Strengths of this study include its geographically diverse sampling locations, robust pipeline of conventional and advanced laboratory methodologies, and relevance to malaria case management. Indeed, these findings directly informed the DRC national malaria control program’s decision to continue the use of HRP2-based RDTs, despite evidence of pfhrp2-negative parasites from our initial study of asymptomatic subjects. Our experience in the DRC confirms the importance of basing policy decisions on careful studies of the target population—individuals presenting to health facilities with symptomatic malaria—rather than convenience sampling determined by sample availability or access to study sites.
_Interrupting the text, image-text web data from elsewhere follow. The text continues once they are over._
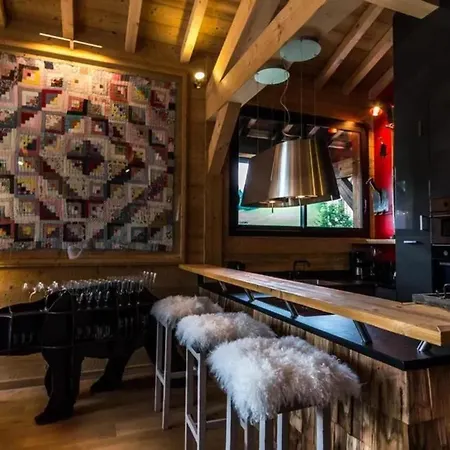 Grandiose Au Pied Des Pistes De - Vue Imprenable Chalet Morzine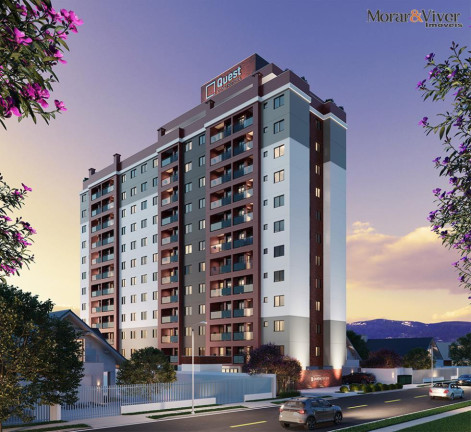 Imagem Apartamento com 2 Quartos à Venda, 50 m² em Centro - Pinhais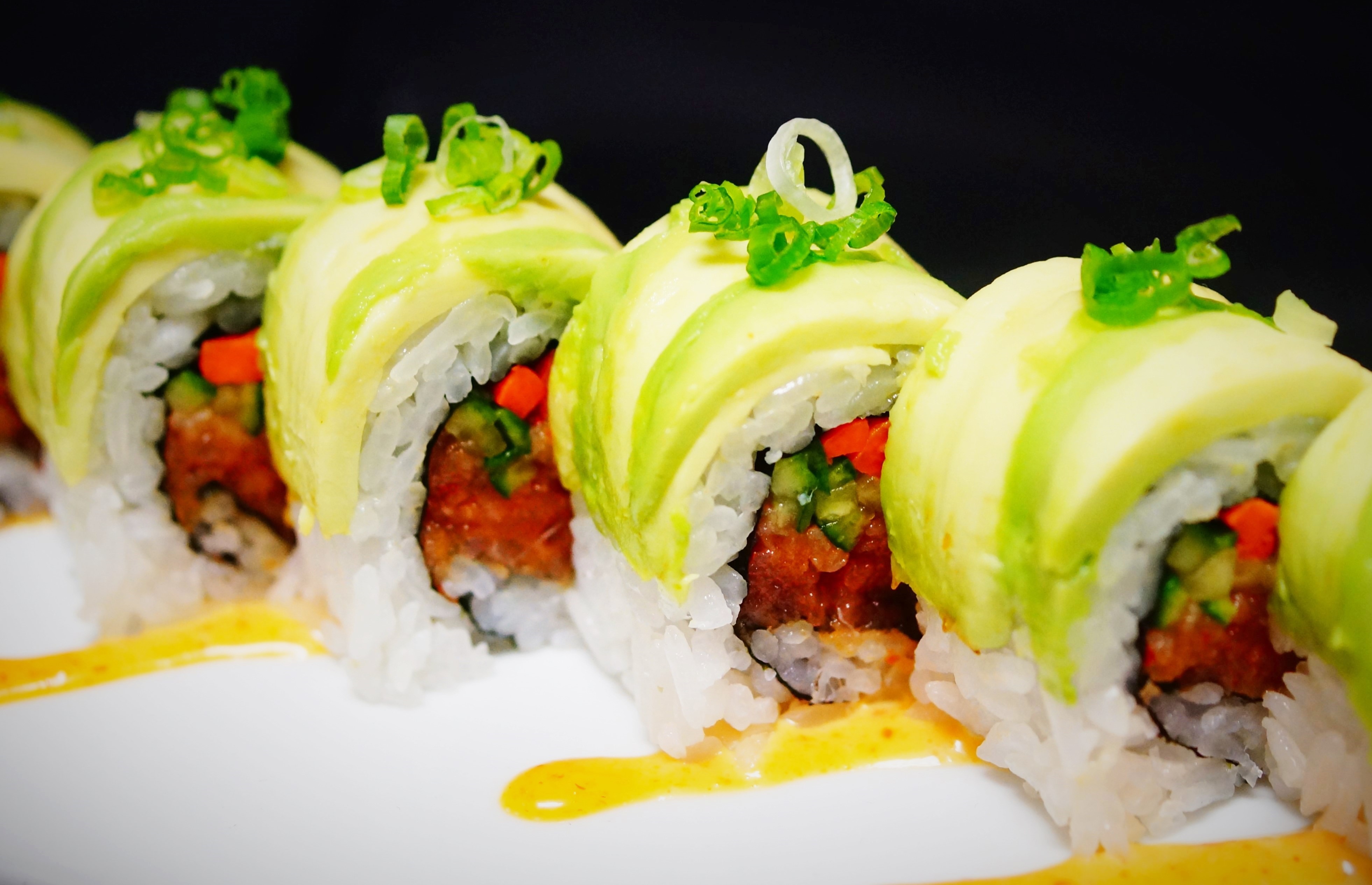 Order 911 Roll food online from Sakura Sushi And Grill store, Albuquerque on bringmethat.com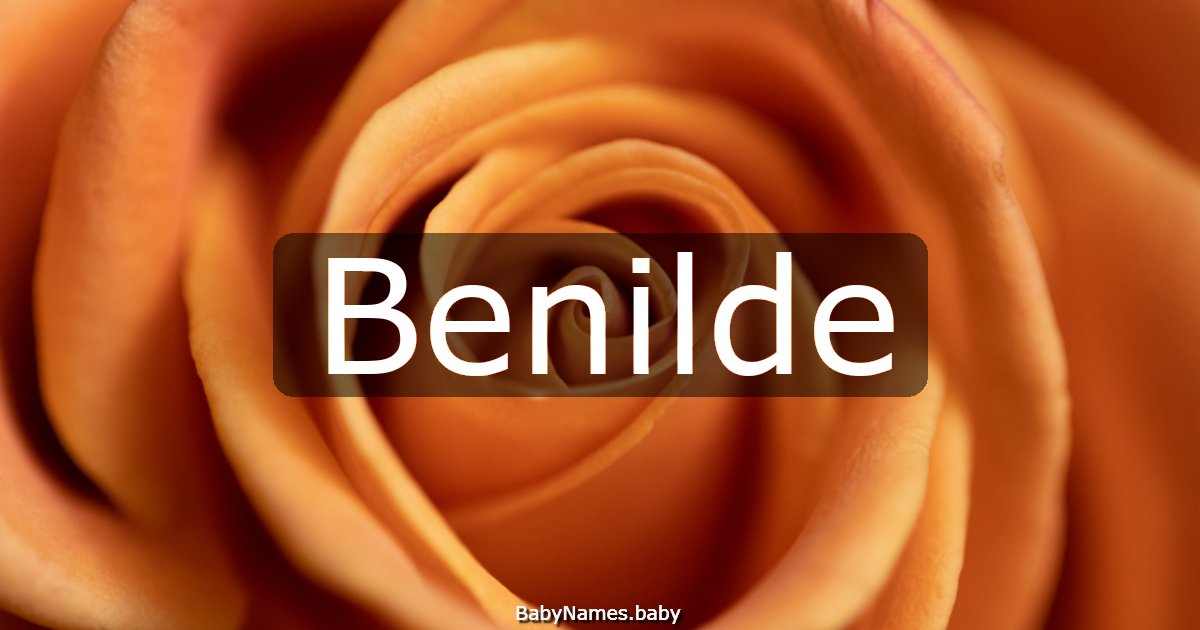 Benilde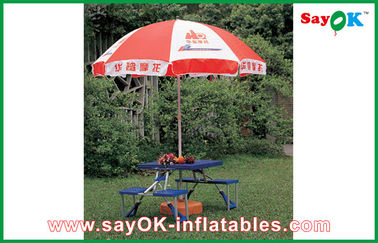 Yard Canopy Tent ที่จอดรถร่มกันแดดขนาดใหญ่ UV Proof สี่เหลี่ยมผืนผ้า 2m Cantilever Parasol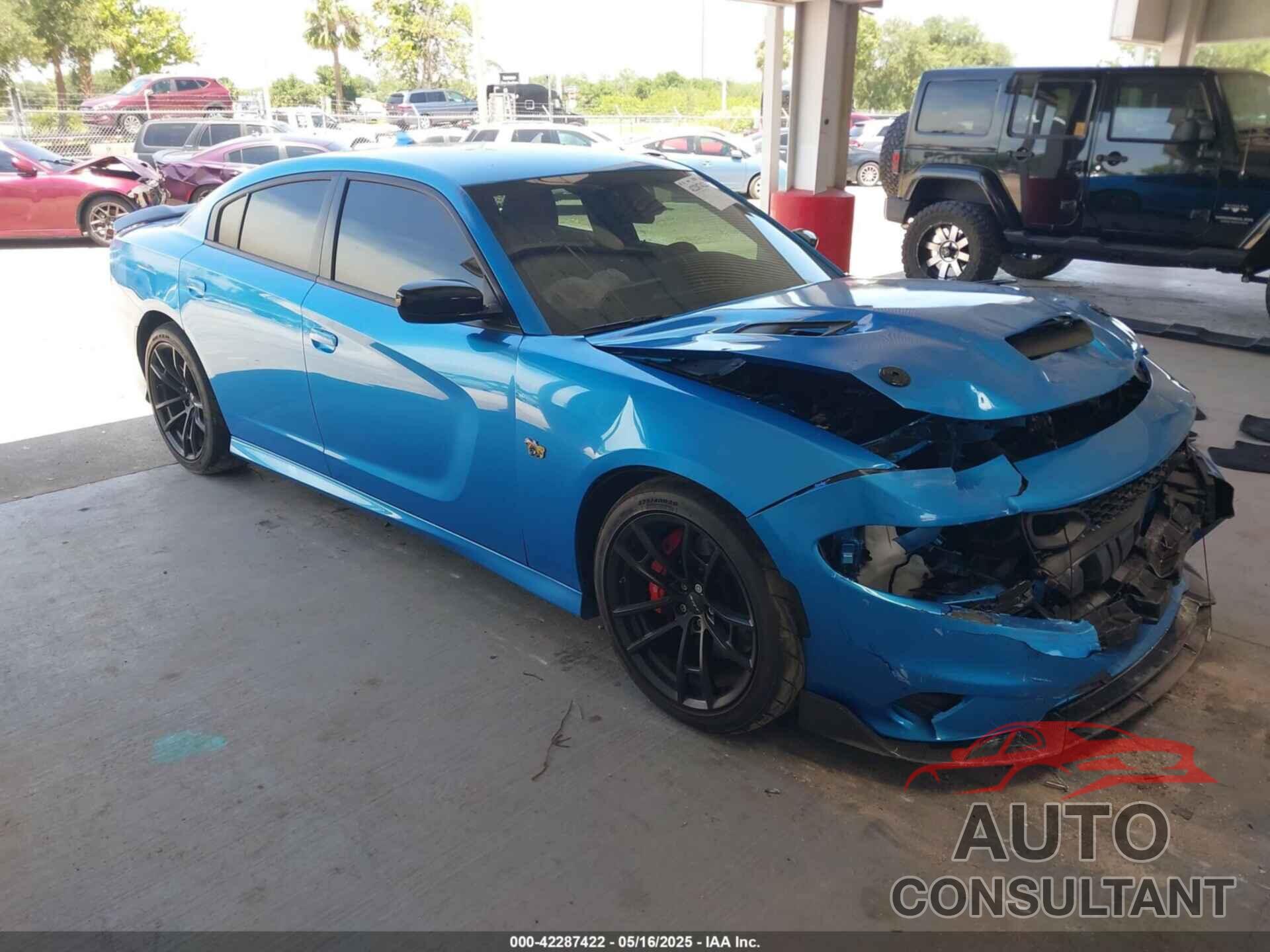 DODGE CHARGER 2023 - 2C3CDXGJ1PH611576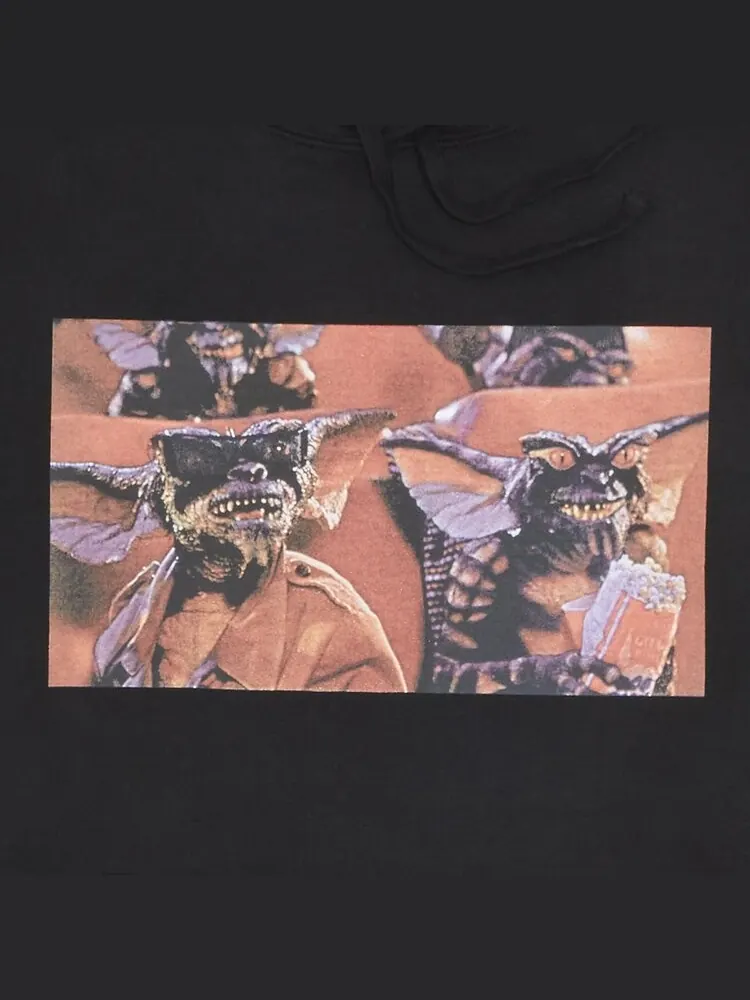 Толстовка Supreme Gremlins Hooded Sweatshirt 'Black' — изображение 3 из 3, черный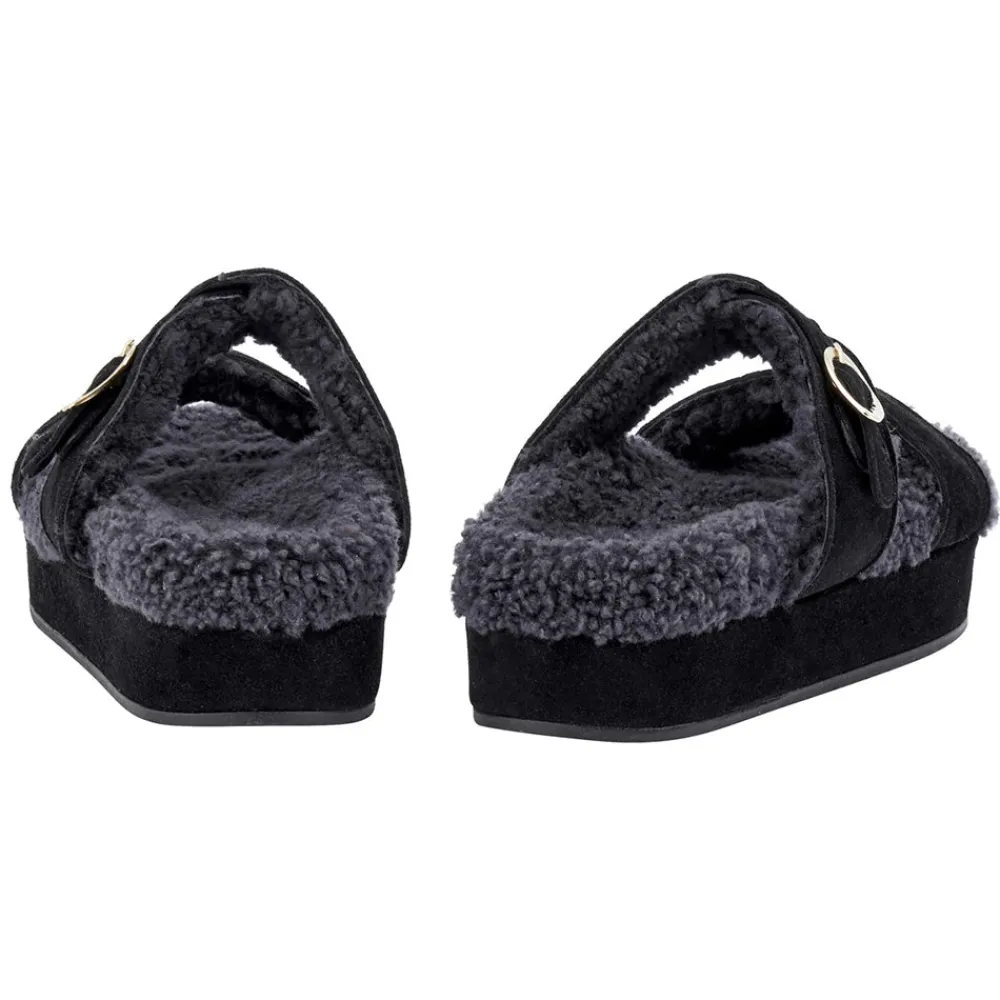 Clearance Latria 2flatform Women Slides |Comfort Soles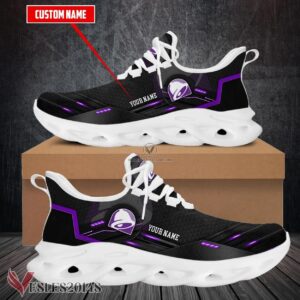 Taco Bell Logo Custom Shoes Style 17, Best Running Shoes For Fans - Vesles2014S 1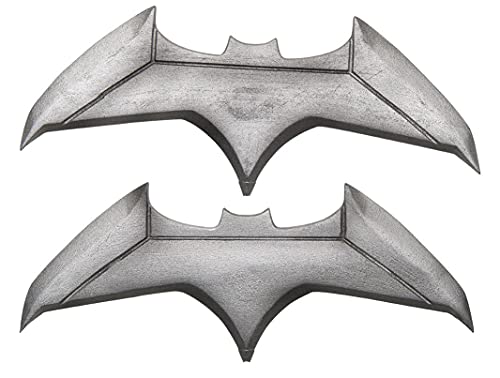 Rubies DC Justice League Batman Batarangs, accessoire de dég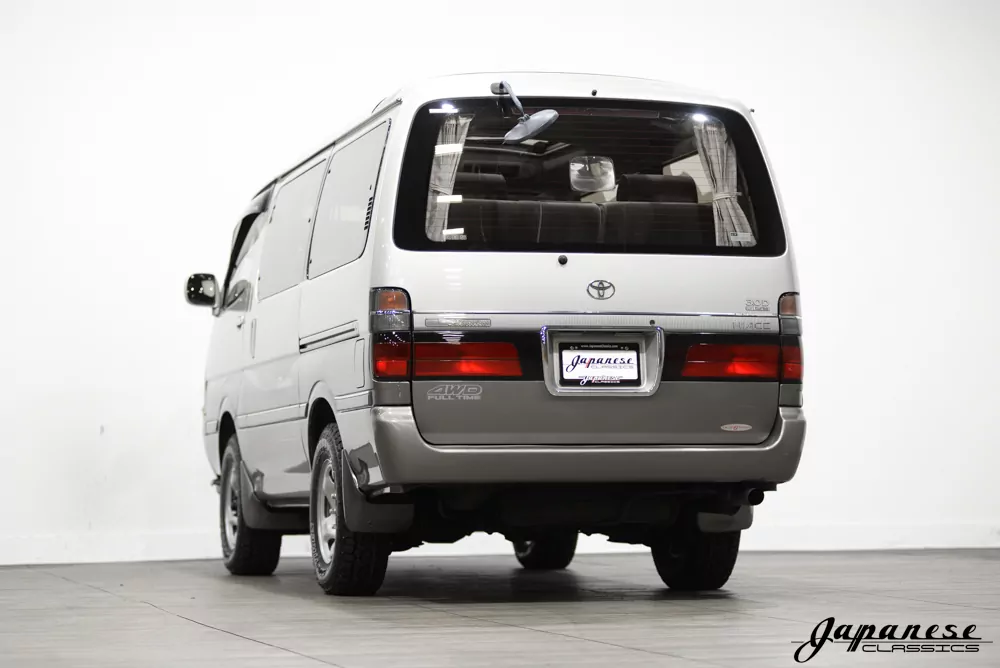 1997 HiAce SCL 4WD – Japanese Classics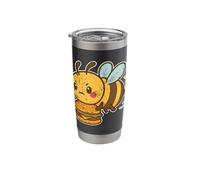 Bee Burger Busy Cartoon Stainless Steel Insulated Tumbler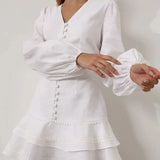 Tilly Ruffle Dress FERNACHE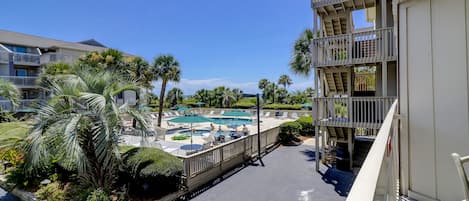 Patio View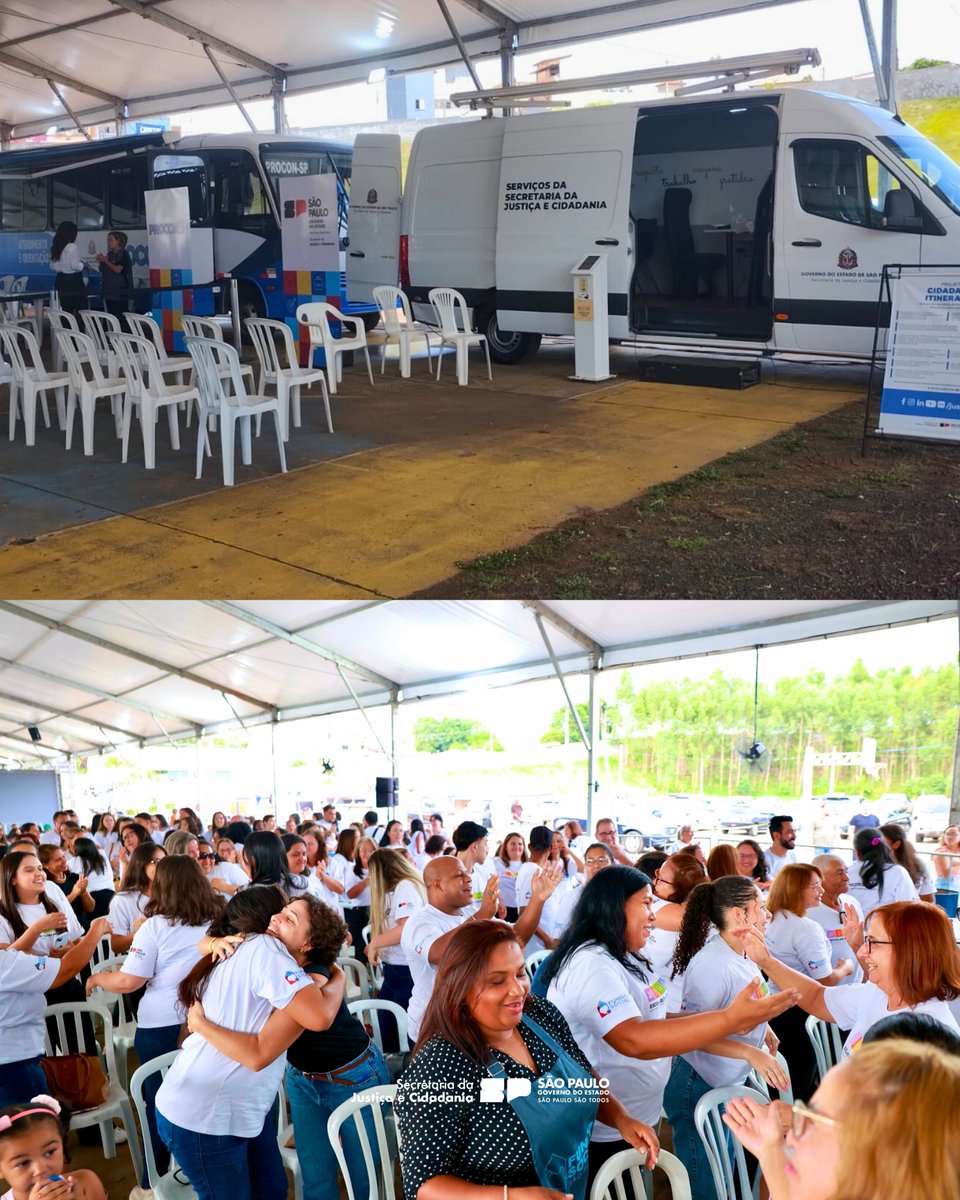 Secretaria da Justiça e Cidadania tweet media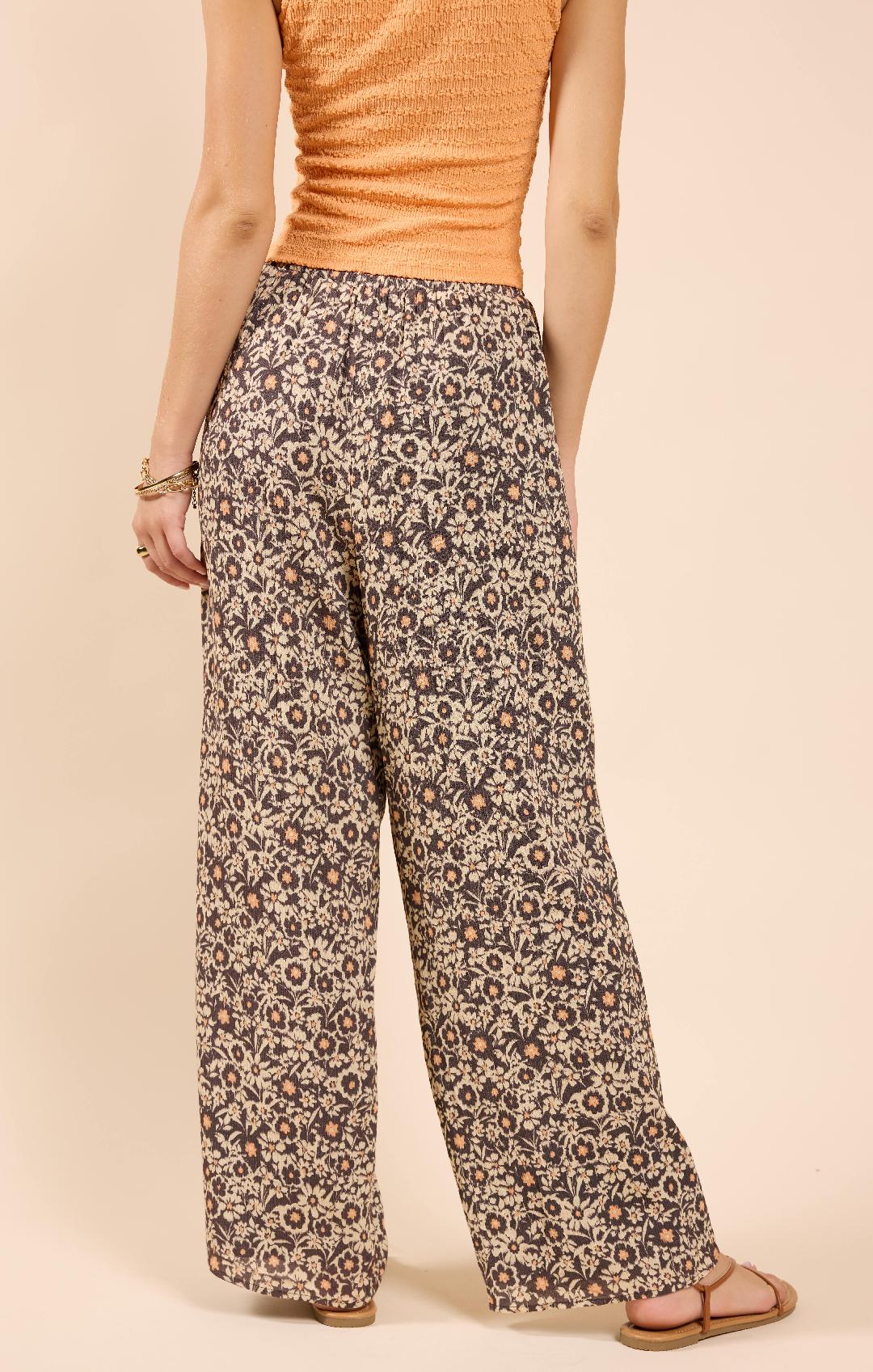 Desert Sunset Wide Leg Pant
Limitations include our inability to discriminate pfhrp2/3-deleted from pfhrp2/3-intact strains in individuals infected by multiple P. falciparum strains. Neither the conventional methods nor the advanced Luminex-based HRP2 antigenemia assessment and WGS methods employed here are well-suited to identify gene deletions in mixed infections. Indeed, assessment of whole-genome sequencing data confirmed mono-infection in only three of eight samples tested. We therefore cannot exclude the possibility that the five remaining samples included mixed infection that involved pfhrp2/3-deleted strains. Recently developed multiplexed qPCR methods51 and amplicon-based deep sequencing approaches52 have potential to elucidate pfhrp2/3-deleted minor variants in future large-scale surveys. Second, we restricted our pfhrp2/3 deletion analysis to samples with ≥ 40 parasites/µL. This requirement was necessary to reduce the risk of misclassification due to DNA concentrations below the pfhrp2/3 PCR assays’ limits of detection13, but it prevents us from commenting on the prevalence of deletions in lower density infections. Third, enrollment occurred primarily in the rainy season, with only limited dry season enrollment near the end of the study in Bas-Uele. A modeling study predicts that pfhrp2/3-deleted parasite prevalence may be underestimated during the rainy season, when individuals are more likely to be infected by multiple parasite strains53. Fourth, we could not evaluate associations between specific symptoms or temperature and RDT performance, as this data was only available for a subset of subjects. Finally, this study was restricted to three provinces. These provinces spanned a range of malaria prevalences, but they do not capture the full diversity of the DRC, which is Africa’s second largest country by land mass and neighbors nine other countries.

In conclusion, ongoing HRP2-based RDT use is appropriate in the DRC. False-negative RDT results due to pfhrp2/3 deletions were not observed among symptomatic subjects. Most false-negative results in the DRC are likely due to low parasite densities, RDT failure, or operator error. Only a minority of non-falciparum malaria cases would be missed by an HRP2-based RDT testing strategy; co-infection with P. falciparum and non-falciparum species was common. Careful laboratory workflows are required during pfhrp2/3 gene deletion analyses. Advanced serological and next-generation sequencing approaches can be used to improve the rigor and reproducibility of pfhrp2/3 deletion surveillance efforts and to inform malaria diagnostic testing policy.